CVD is a broad term, and, as such, neuropathologic consensus and standardization for neuropathologic evaluation in dementia cases is continually evolving. Two available neuropathologic parameters to evaluate CVD of an atherosclerotic or arteriolosclerotic type are (1) Strozyk scale [32], which is based on presence and number of three macroscopic lesions (large infarctions, lacunar infarctions, and leukoencephalopathy) and (2) Kalaria scale [6, 11] which provides a more detailed evaluation of vessel wall modifications (arteriolosclerosis, angiopathy), perivascular spaces, myelin loss, microinfarcts, and large infarcts.
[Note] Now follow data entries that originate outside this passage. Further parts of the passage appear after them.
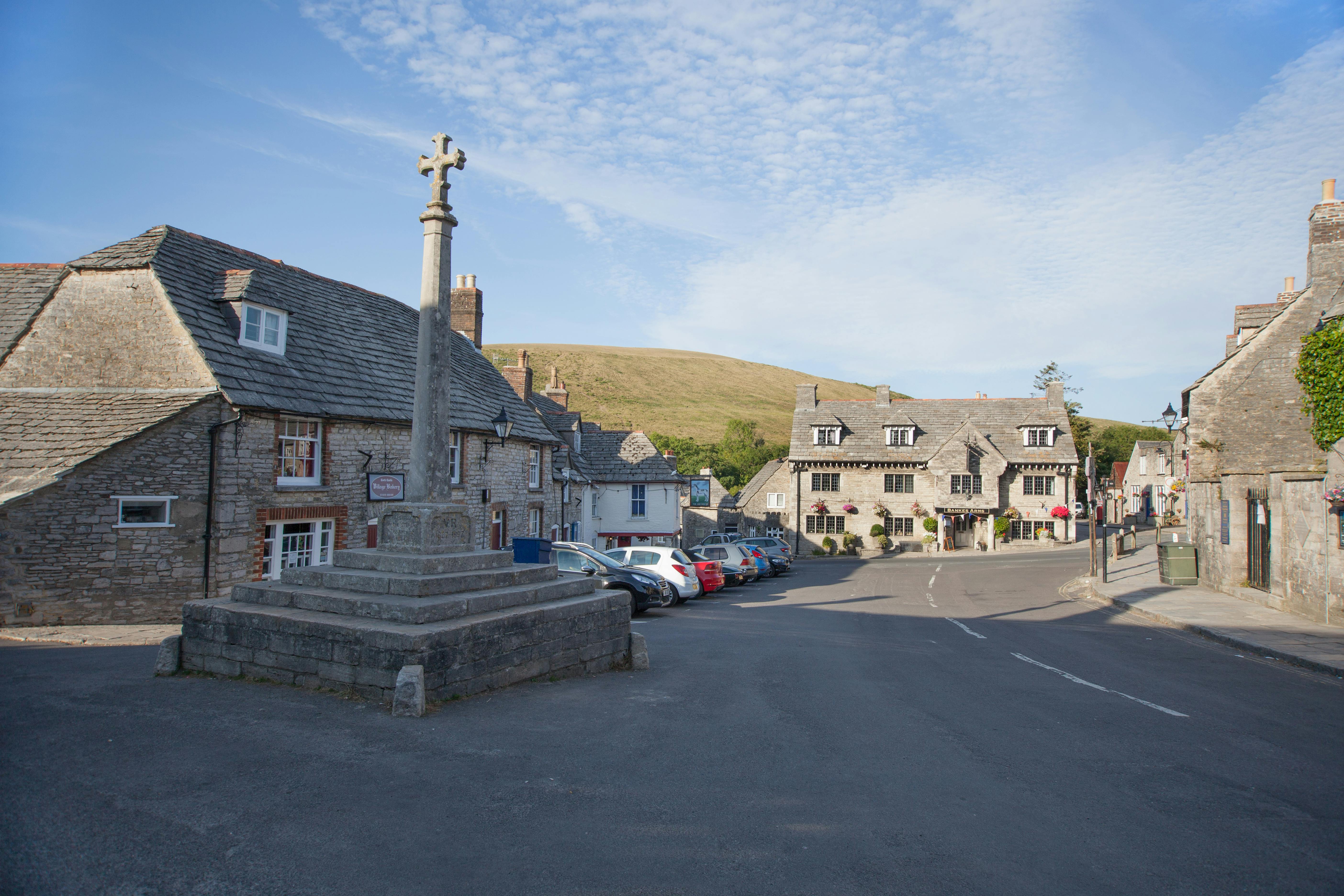Picturesque street view in Corfe Castle, England, showcasing stone buildings and a historical monument.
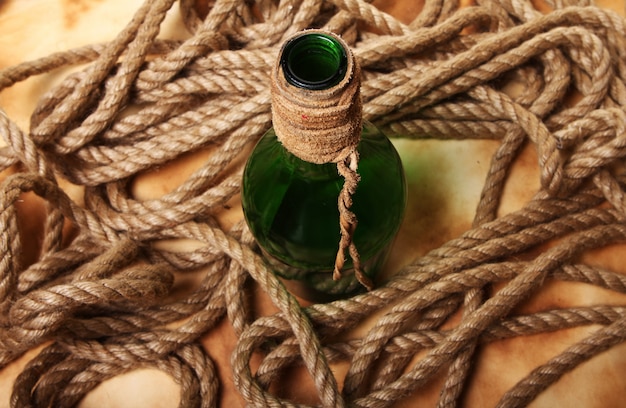 Old bottle and rope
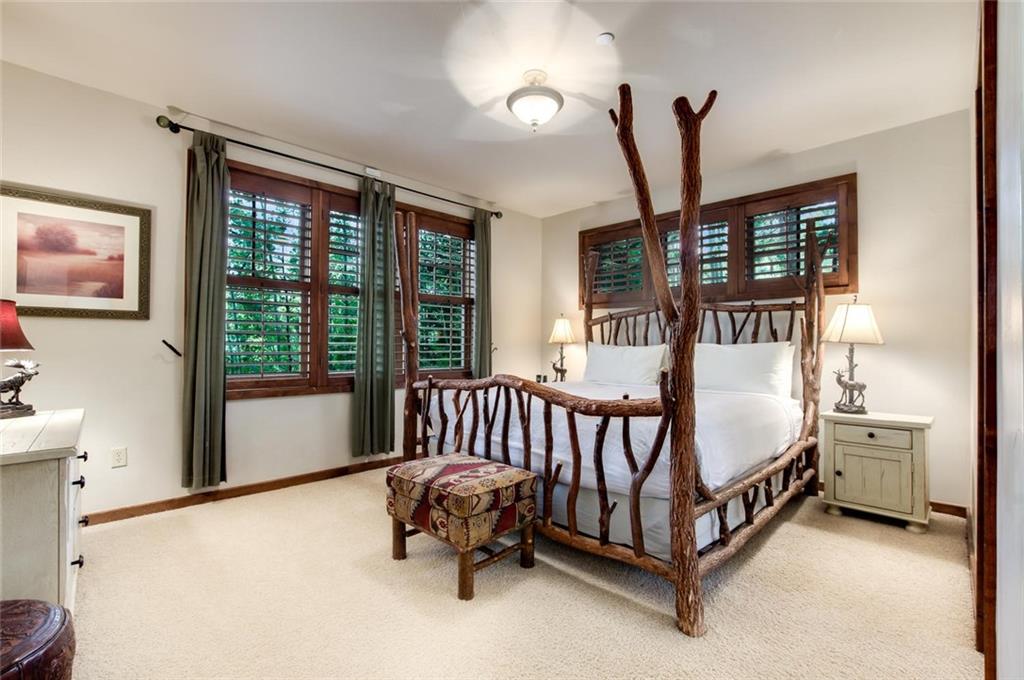 1050 4 O Clock Road Breckenridge, CO 80424 - Photo 25 of 35 a bedroom with a bed and a window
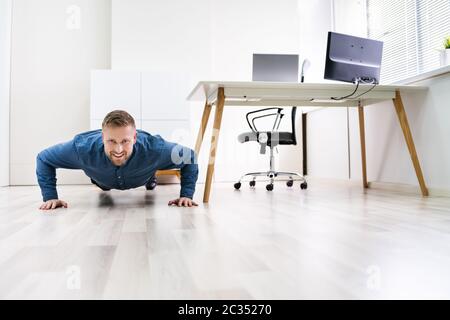 Businessman Doing Push Up On Hardwood Floor In Office Stock Photo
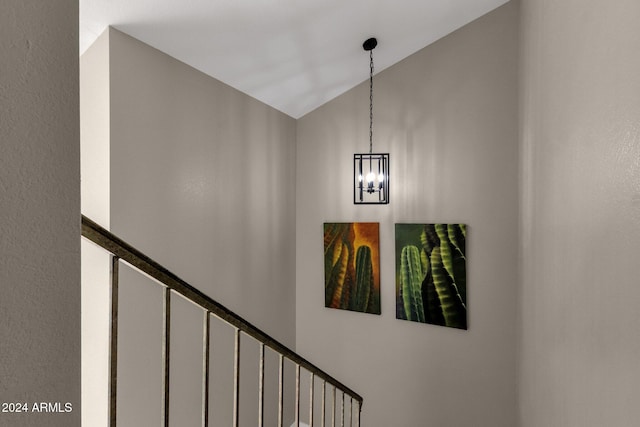 staircase with vaulted ceiling and a chandelier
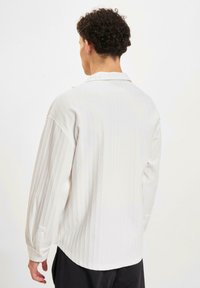 Chemise blanche à manches longues avec des rayures verticales, un col, un poignet boutonné et une coupe décontractée, mettant en valeur une texture de tissu lisse.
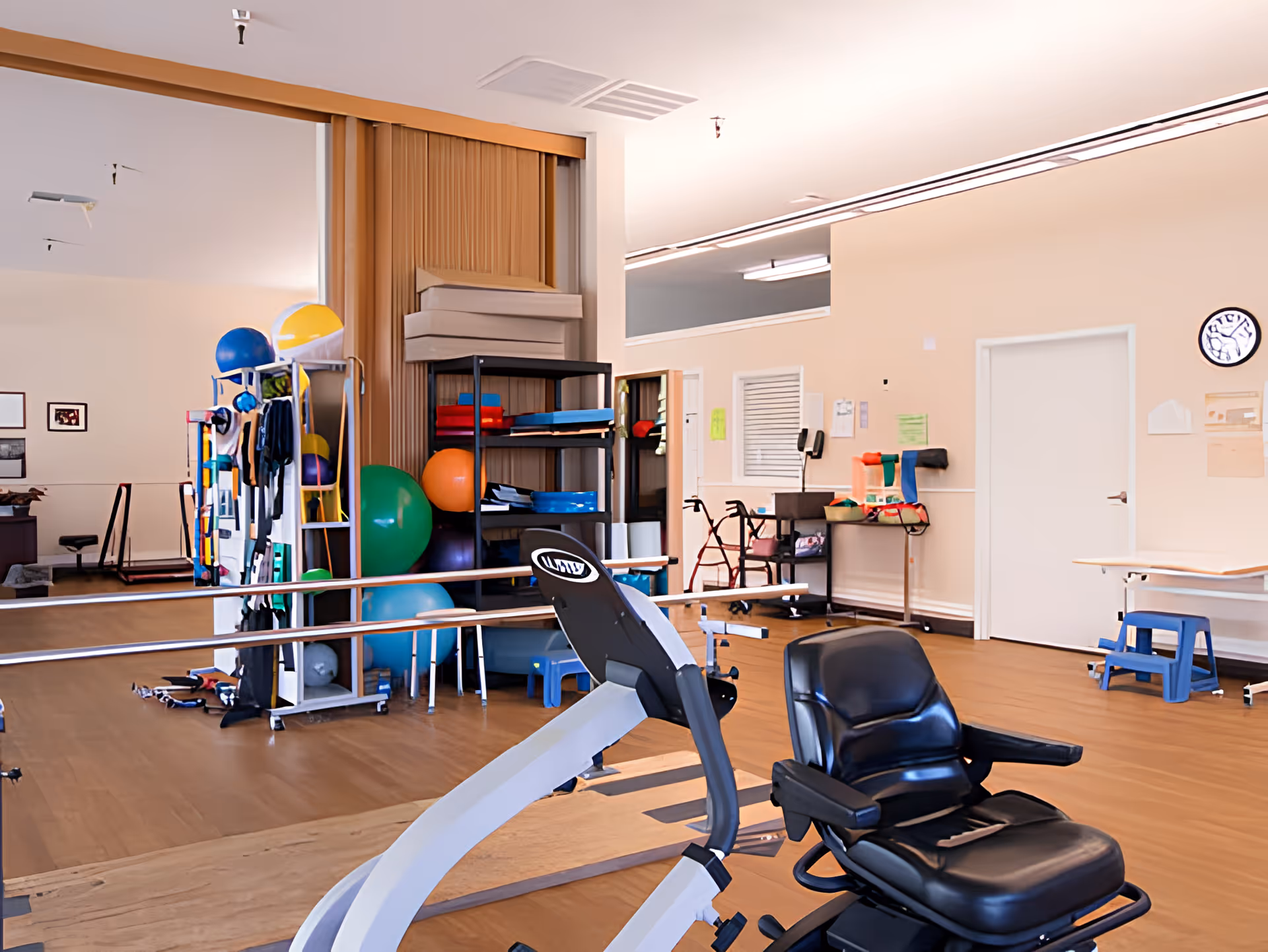 Rehabilitation gym interior with a recumbent exercise bike, parallel bars, therapy balls, and storage shelves.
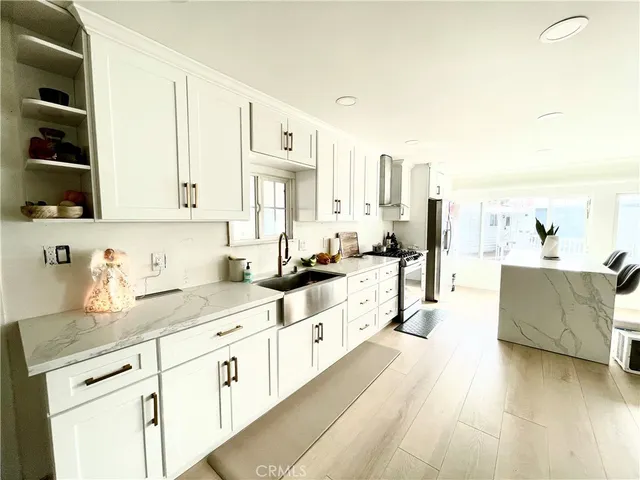 a large white kitchen with cabinets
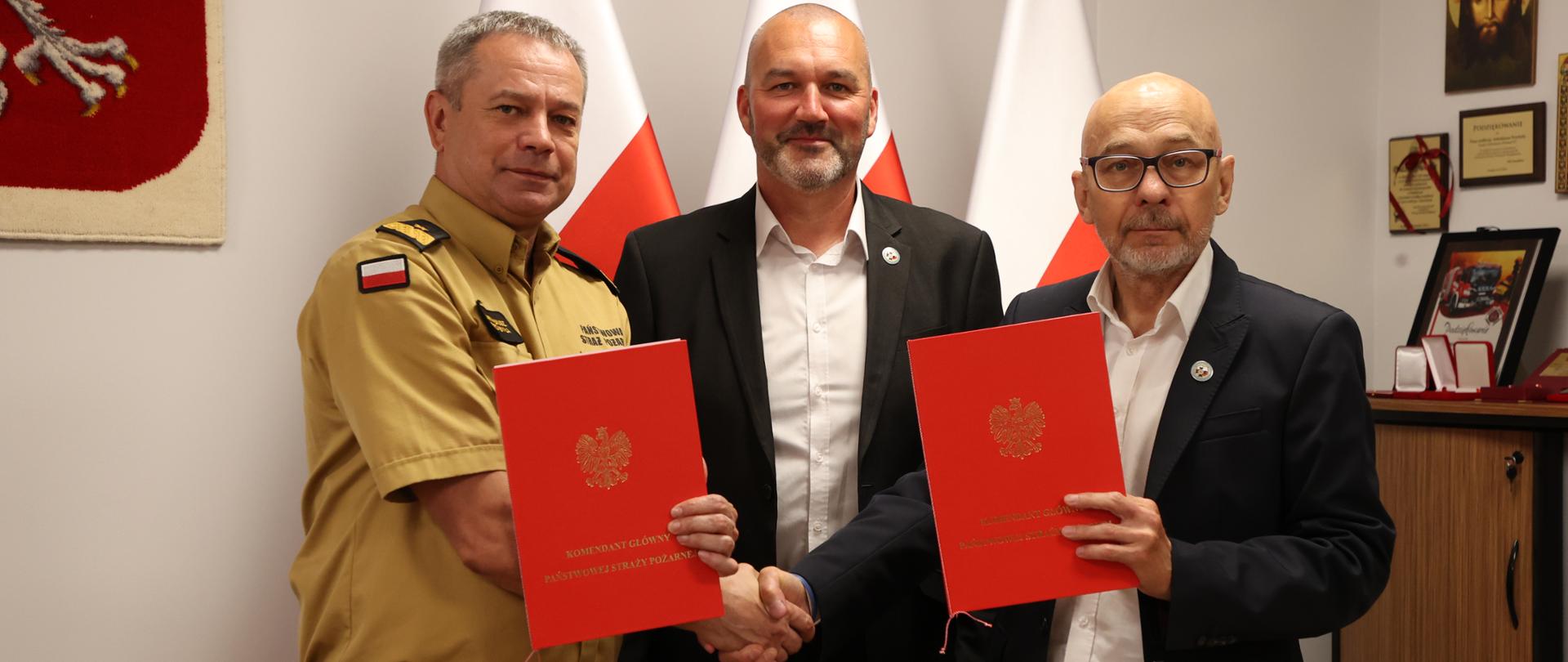 Zastępca komendanta głównego PSP (od lewej strony) w mundurze służbowym koloru piaskowego stoi wraz z dwoma mężczyznami w garniturach i prezentują dwie czerwone teczki zawierające podpisane porozumienie, za nimi 3 flagi RP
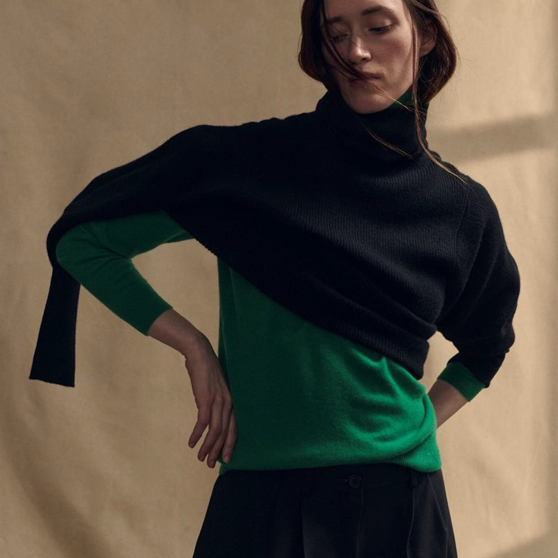 A person wearing a black turtleneck sweater draped over a bright emerald green, long-sleeved turtleneck sweater and a black skirt, posing with hands on hips against a neutral beige background.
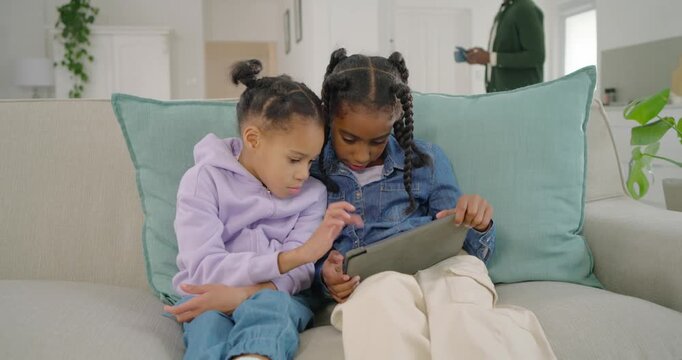 African family father holding mug while left child tapping tablet, siblings sharing tablet at home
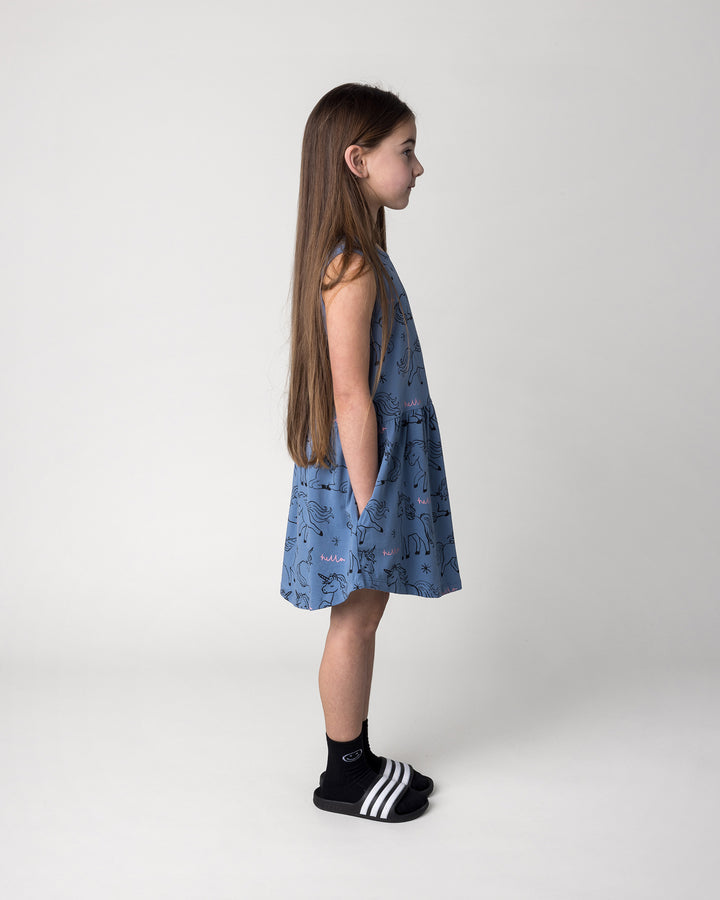 Kid wearing the Hello Unicorns Dress in mid blue, side view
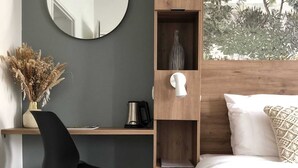 Un dormitorio con cama, escritorio con silla, espejo y vista a árboles por la ventana.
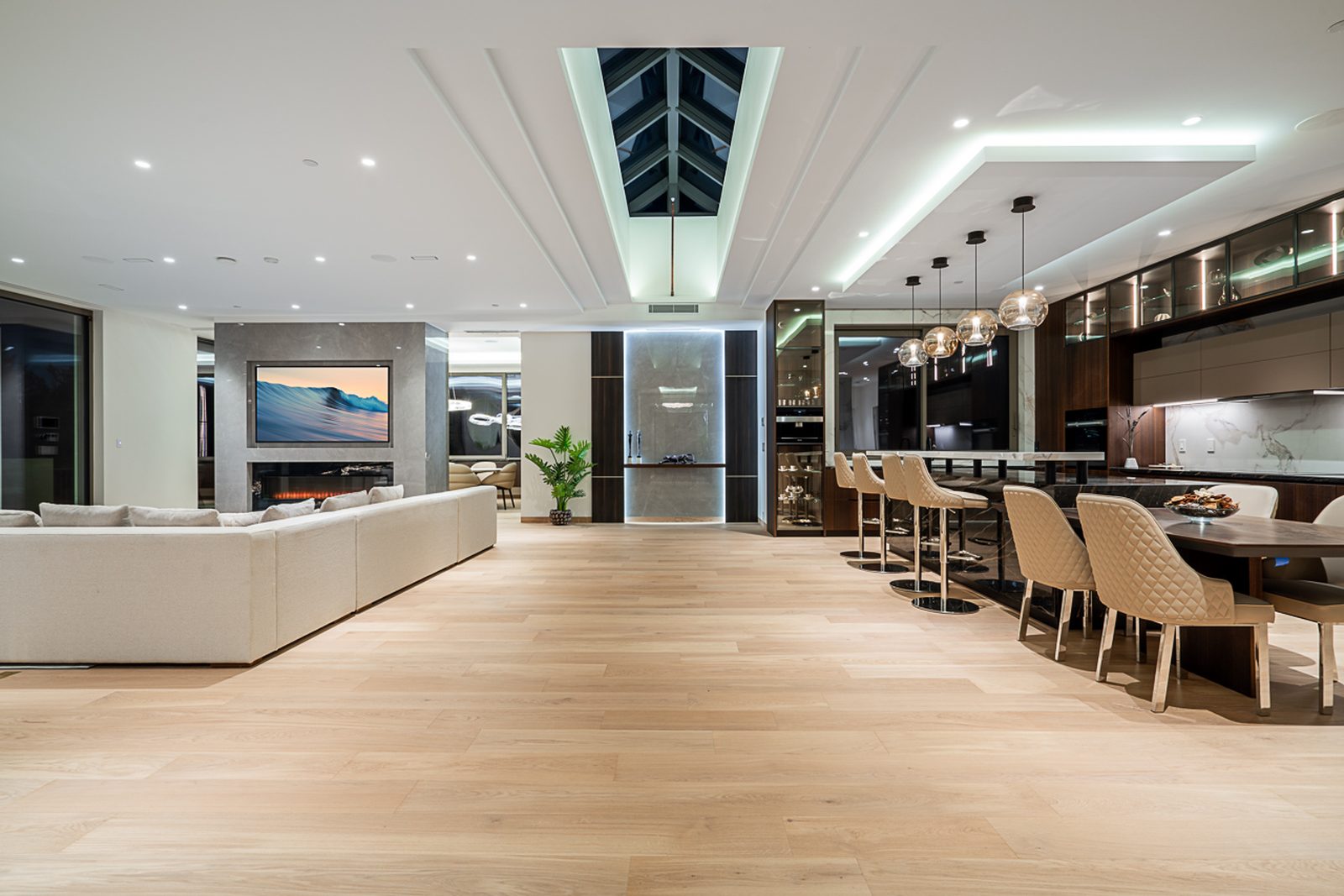 Entry foyer with nero marquina black marble floor floating staircase and sputnik chandelier luxury West Vancouver home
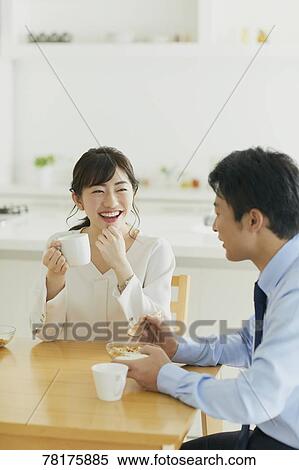 Stock Photography - Japanese couple in the kitchen. Fotosearch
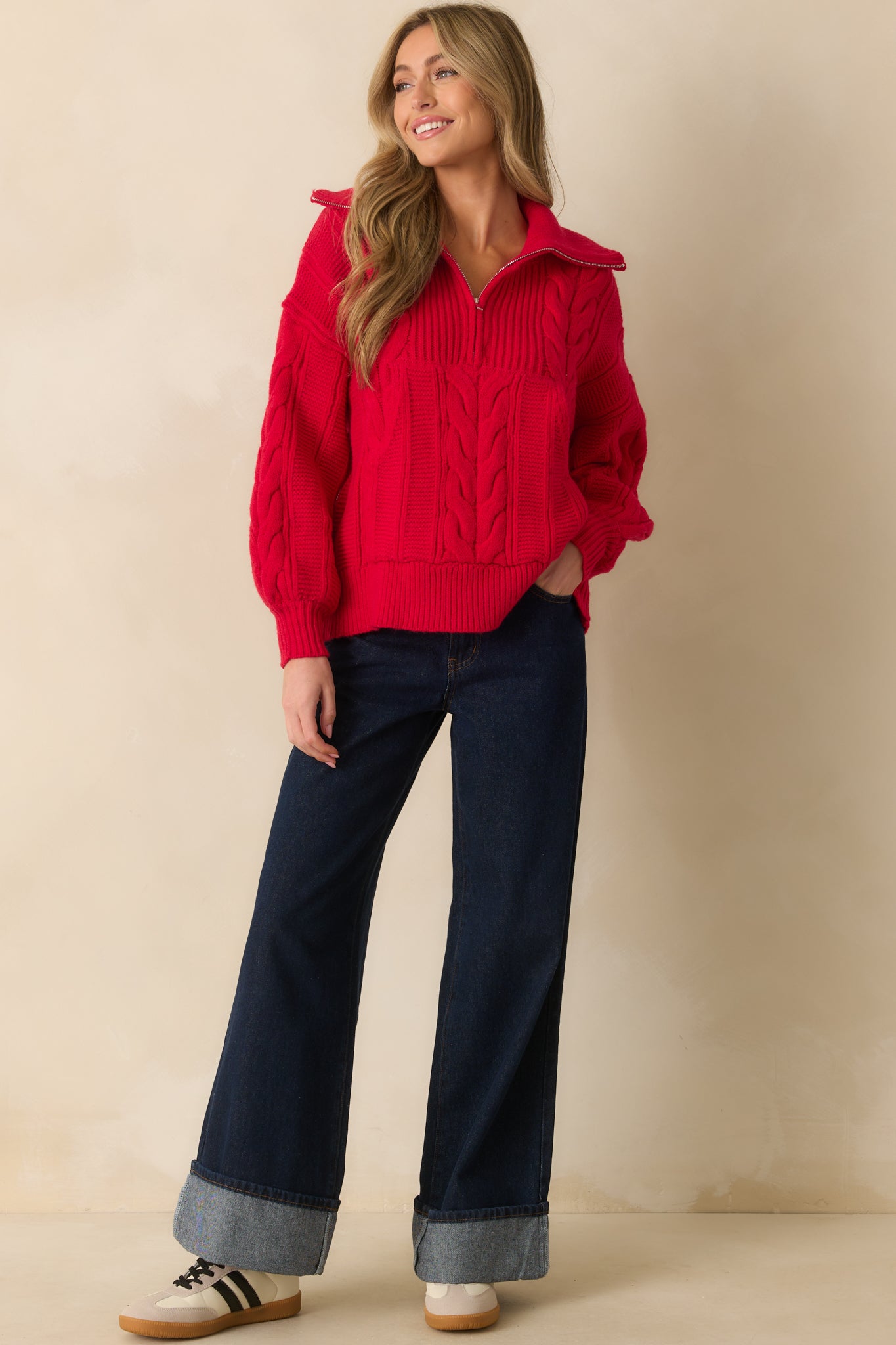 Cable knit sweater with quarter zip collar and casual, loose silhouette.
Measurement of imaging CVD features using MRI has been more standardized [36]. The clinical impact of MRI CVD features has been well studied; FLAIR and T2*GRE or SWI are commonly used neuroimaging MRI methods to assess CVD in aging and dementia studies [10]. FLAIR provides information about white matter hyperintensities and infarctions and T2* GRE/SWI provides information about microbleeds. Recent work has shown that dMRI may be an earlier indicator of CVD-related damage and may be a clinically useful CVD biomarker [1, 9, 20, 21, 35]. Two CVD markers from diffusion MRI (dMRI) were included in this study. First, a regional measure based on dMRI signal from genu of the corpus callosum which was associated with prodromal cerebrovascular health and was a strong predictor of cognitive performance in comparison to the visible lesions from FLAIR and T2* GRE images [34]. Second, a global measure called peak width of skeletonized mean diffusivity (PSMD), which is increasingly being used as a small vessel disease marker across studies [9].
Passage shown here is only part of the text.